La question des rapports entre le monde politique et la société civile ne se pose pas vraiment en Suède. D’abord parce que le secteur public, à tous les points de vue, est pratiquement inexistant dans ce pays, notamment depuis la libéralisation de l’économie entamée il y a une vingtaine d’années. Mais aussi parce que les rapports entre les hommes politiques et les citoyens y sont bien différents. Certes, l’immense majorité, voire la totalité des ministres sont issus des partis politiques qui dirigent le pays dans des gouvernements de coalition. Ainsi Isabella Lövin, l’actuelle ministre de la Coopération au développement, a beau être journaliste et l’auteur de Silent Seas – un best-seller international sur les dangers de la pêche industrielle, paru en 2007 –, elle n’en a pas moins rejoint le parti des Verts avant d’être élue au Parlement européen puis de faire son entrée au gouvernement. À la différence, donc, d’un Nicolas Hulot qui se fait fort de n’appartenir à aucun parti. 

Cette omniprésence des partis politiques ne signifie pas que les « apparatchiks » aient les mains entièrement libres.

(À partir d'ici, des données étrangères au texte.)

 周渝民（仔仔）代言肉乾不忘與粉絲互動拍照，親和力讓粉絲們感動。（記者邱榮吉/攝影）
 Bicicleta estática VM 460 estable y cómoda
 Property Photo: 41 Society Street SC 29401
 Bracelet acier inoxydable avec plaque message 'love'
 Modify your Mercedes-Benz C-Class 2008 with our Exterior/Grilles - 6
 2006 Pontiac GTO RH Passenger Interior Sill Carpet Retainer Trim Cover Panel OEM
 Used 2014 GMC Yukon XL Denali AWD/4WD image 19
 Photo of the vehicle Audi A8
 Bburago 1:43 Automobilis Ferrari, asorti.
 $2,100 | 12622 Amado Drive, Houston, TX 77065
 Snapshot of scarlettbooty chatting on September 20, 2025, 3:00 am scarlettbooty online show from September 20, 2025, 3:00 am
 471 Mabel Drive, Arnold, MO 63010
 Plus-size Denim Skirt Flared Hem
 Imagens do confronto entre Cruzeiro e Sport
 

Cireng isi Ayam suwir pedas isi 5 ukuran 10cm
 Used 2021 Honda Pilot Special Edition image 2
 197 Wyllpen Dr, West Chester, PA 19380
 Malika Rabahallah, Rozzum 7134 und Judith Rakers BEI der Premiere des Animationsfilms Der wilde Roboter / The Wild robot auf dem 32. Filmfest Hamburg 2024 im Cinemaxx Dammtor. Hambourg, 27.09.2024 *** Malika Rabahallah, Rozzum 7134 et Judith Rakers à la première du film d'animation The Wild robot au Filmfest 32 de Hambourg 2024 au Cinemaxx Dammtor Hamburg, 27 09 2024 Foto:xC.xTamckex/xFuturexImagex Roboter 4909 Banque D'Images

Bien au contraire, les ministres font l’objet d’une surveillance continue de la part des citoyens, au point que certains se sont retrouvés épinglés parce qu’ils n’avaient pas débarrassé leur plateau-repas à la cantine du ministère ou avaient acheté des chocolats avec la carte de crédit de leur administration. De plus, ces mêmes ministres ont beaucoup moins de pouvoir qu’en France. Au temps du mariage, aujourd’hui révolu, entre Renault et Volvo, les dirigeants de la firme suédoise étaient sidérés de voir des ministres français vouloir se mêler de leurs affaires. 

Enfin, le Riksdag, considéré comme un des plus vieux parlements du monde, exerce un contrôle de tous les instants sur le gouvernement. « Les députés perdent rarement contact avec les citoyens de base, confirme un diplomate européen. Ils savent qu’ils leur sont redevables. » Bref, dans une société essentiellement consensuelle, où le compromis semble être, plus qu’une méthode de gouvernement, un véritable art de vivre, le divorce entre politique et société civile semble bien être un débat «  typiquement franco-français ».